[Task to carry out]:
Would you copy exactly the lines in the data below from the one that has "Body Heat (Blu-ray)" through the one that has "Cobertura à venda", dropping any pictures?

[Provided data]:

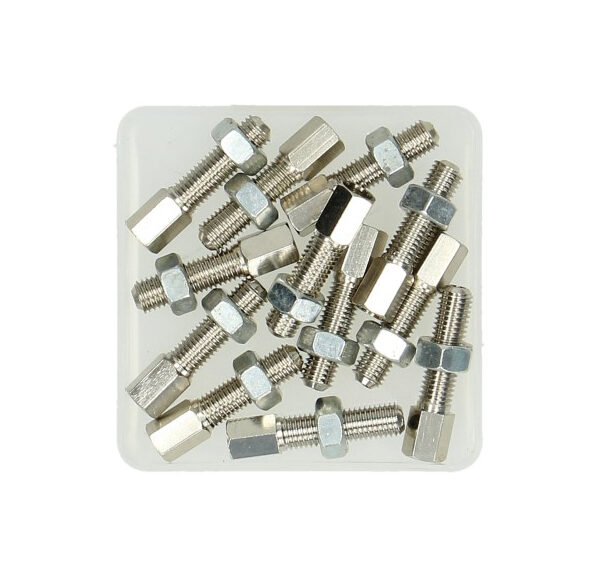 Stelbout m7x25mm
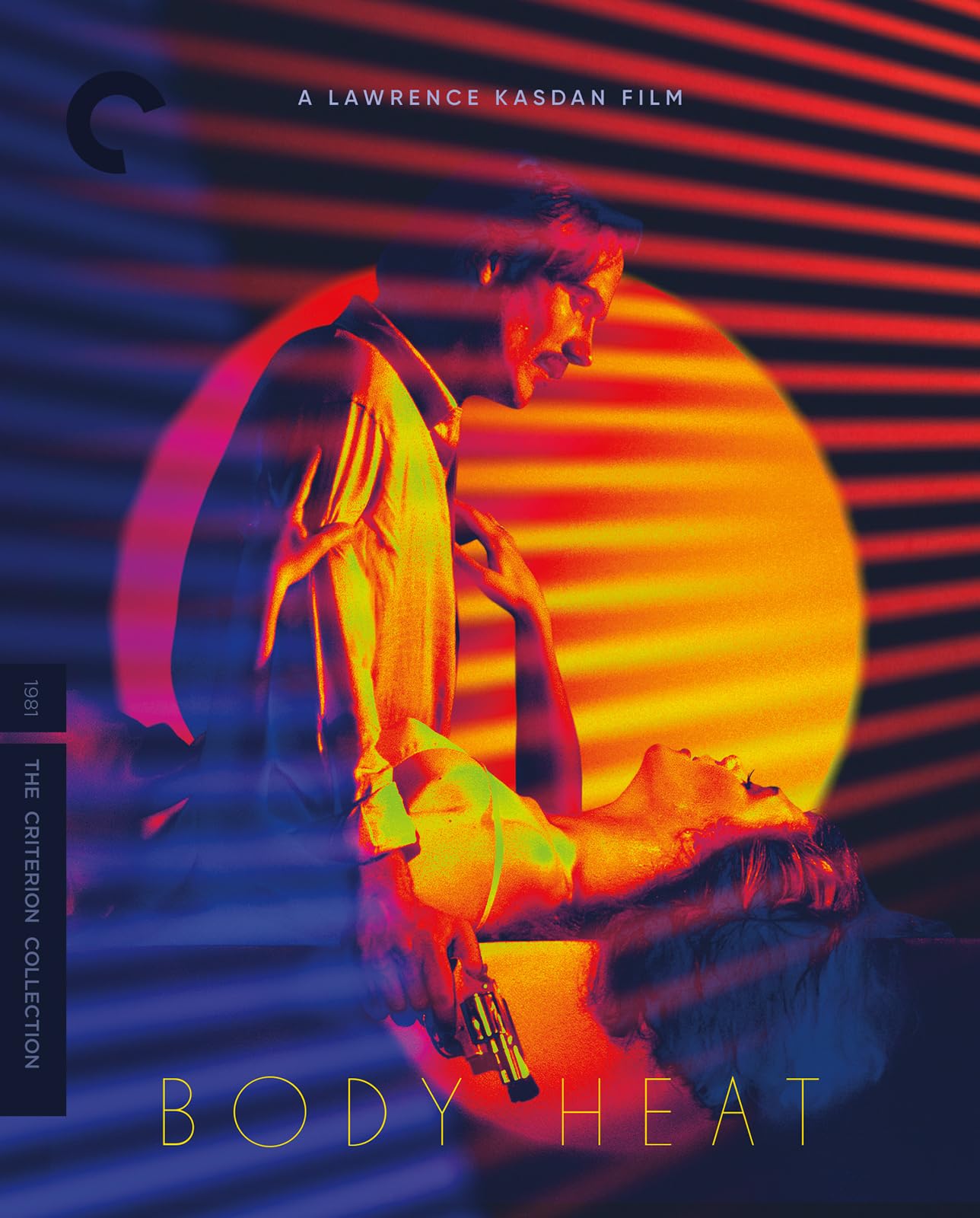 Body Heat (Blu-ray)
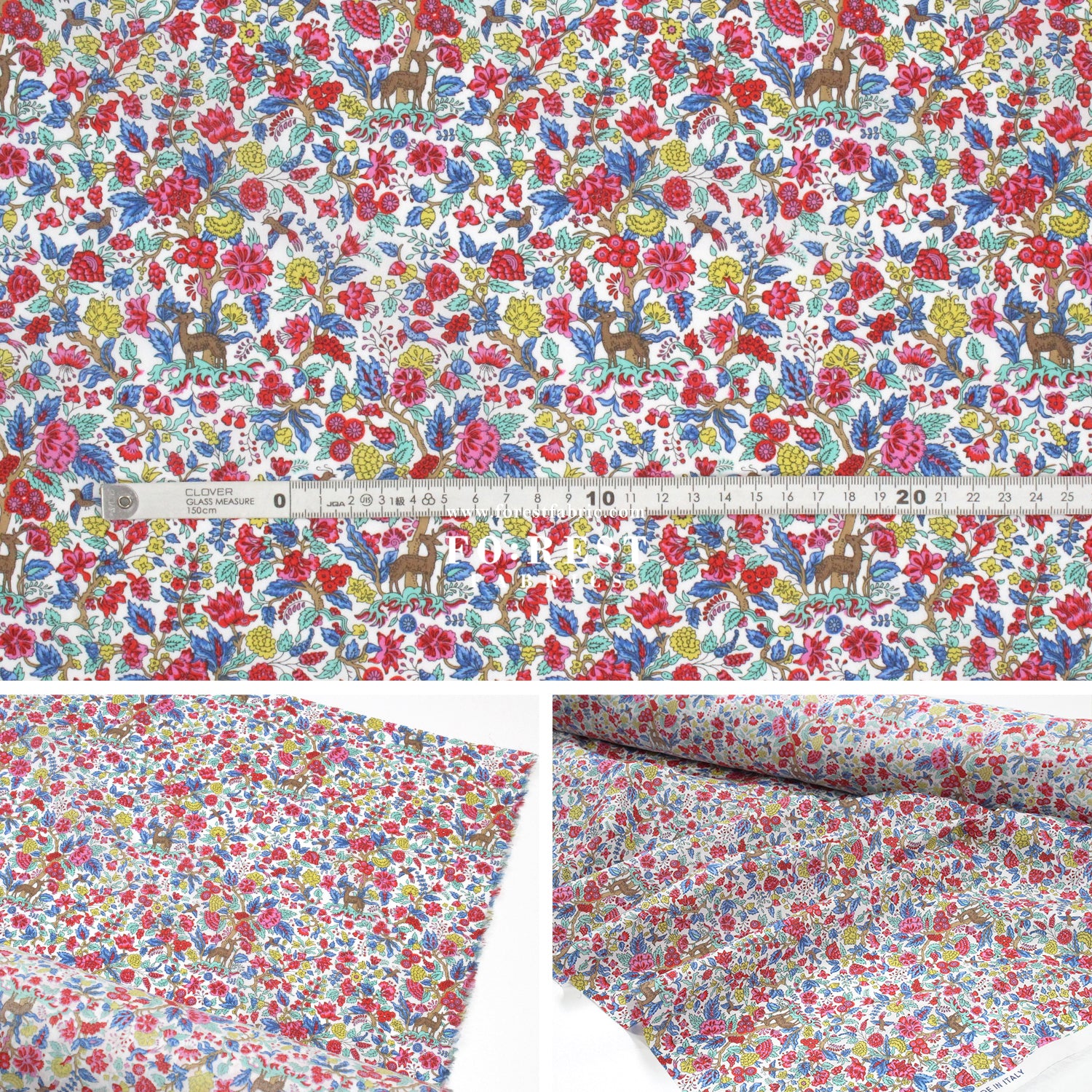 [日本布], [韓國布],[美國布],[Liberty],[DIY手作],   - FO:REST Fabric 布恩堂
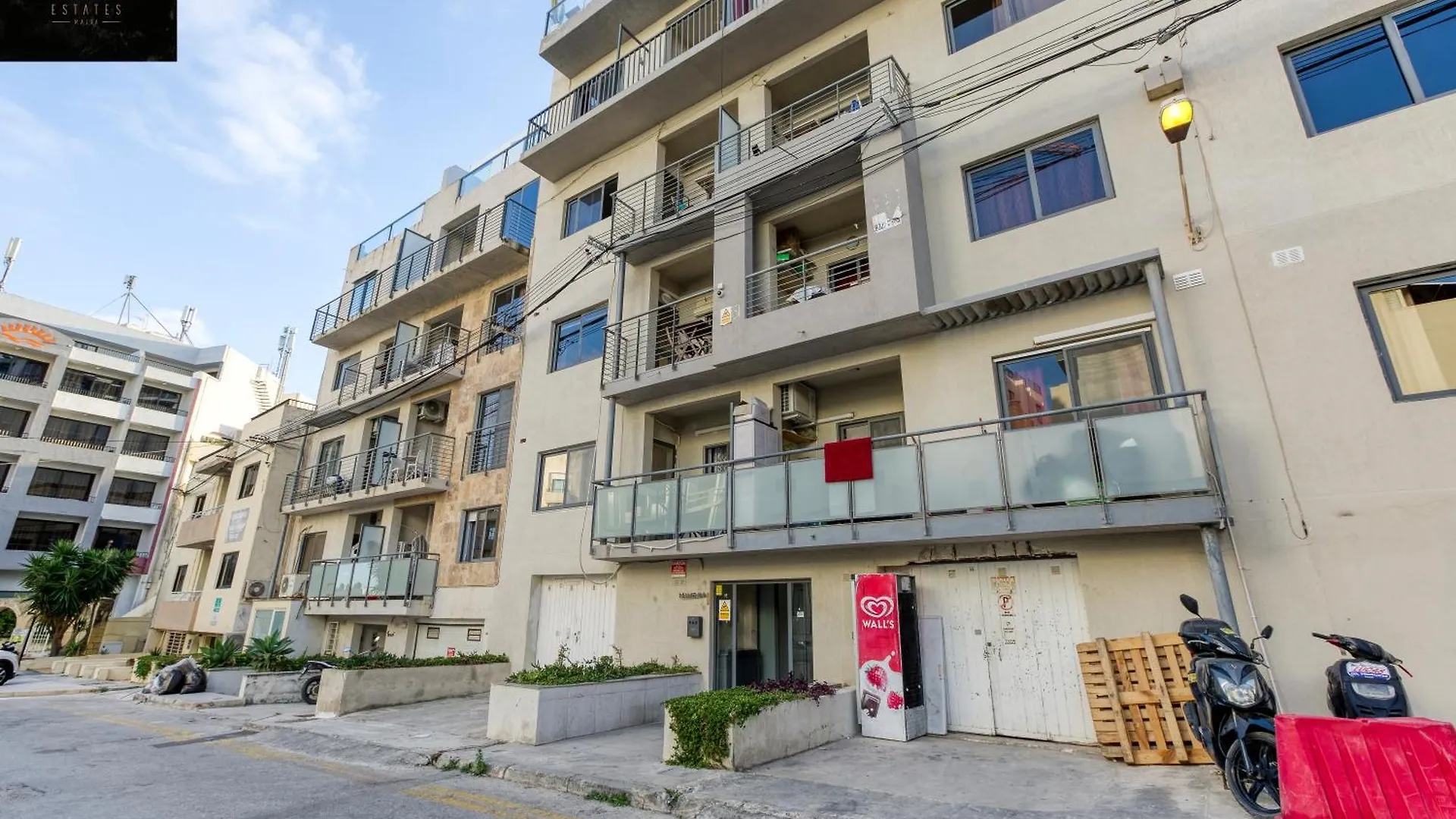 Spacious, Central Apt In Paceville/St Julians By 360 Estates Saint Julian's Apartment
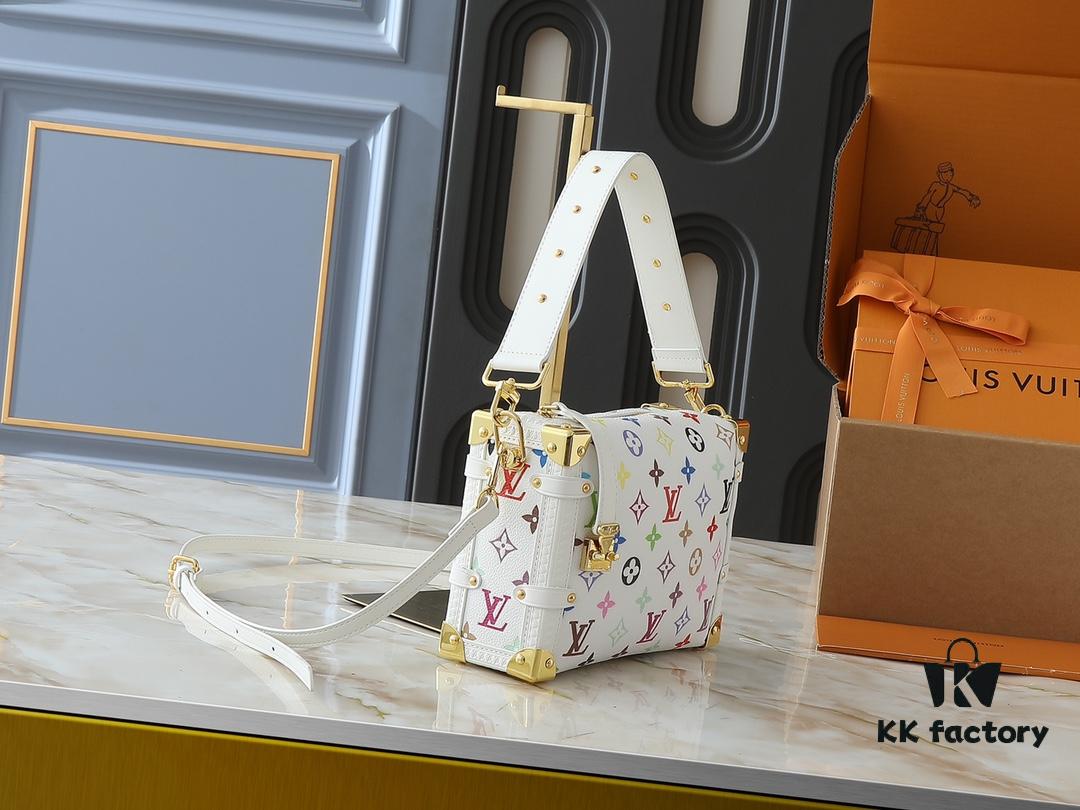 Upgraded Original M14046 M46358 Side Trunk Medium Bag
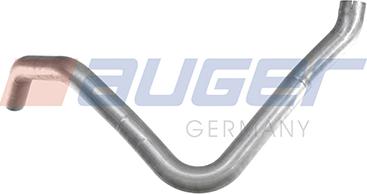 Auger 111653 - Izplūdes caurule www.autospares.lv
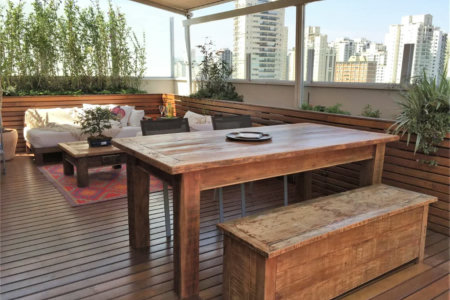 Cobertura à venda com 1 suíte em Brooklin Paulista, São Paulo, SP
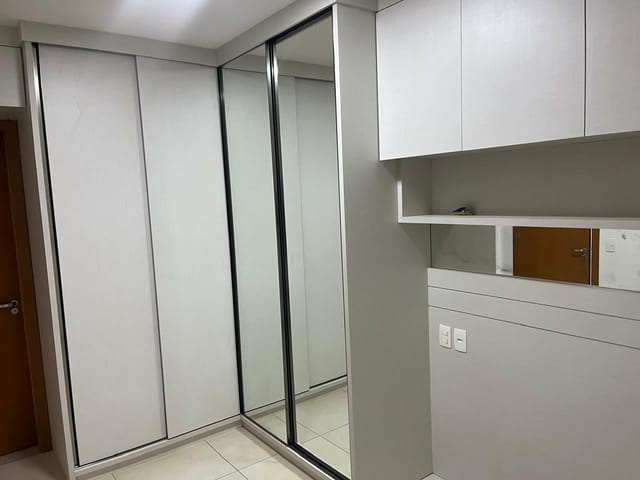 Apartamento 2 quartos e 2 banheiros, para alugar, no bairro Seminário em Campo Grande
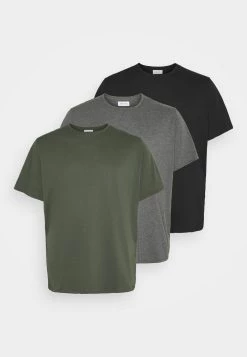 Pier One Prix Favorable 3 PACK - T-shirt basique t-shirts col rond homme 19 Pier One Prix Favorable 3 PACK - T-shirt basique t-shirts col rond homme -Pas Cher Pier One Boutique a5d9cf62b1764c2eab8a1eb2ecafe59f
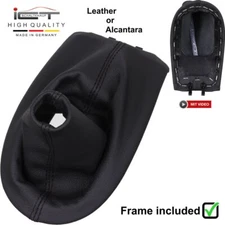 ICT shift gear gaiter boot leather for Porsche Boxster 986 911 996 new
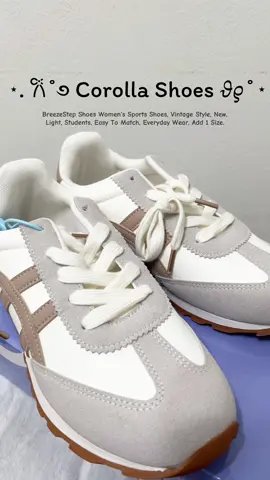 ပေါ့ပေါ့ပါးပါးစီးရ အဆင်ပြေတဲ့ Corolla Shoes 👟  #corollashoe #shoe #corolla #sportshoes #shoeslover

[Exercise response]:
 Body Heat (Blu-ray)
 [日本布], [韓國布],[美國布],[Liberty],[DIY手作],   - FO:REST Fabric 布恩堂
 Spacious, Central Apt In Paceville/St Julians By 360 Estates Saint Julian's Apartment
 Upgraded Original M14046 M46358 Side Trunk Medium Bag
 Auger 111653 - Izplūdes caurule www.autospares.lv
 Cobertura à venda com 1 suíte em Brooklin Paulista, São Paulo, SP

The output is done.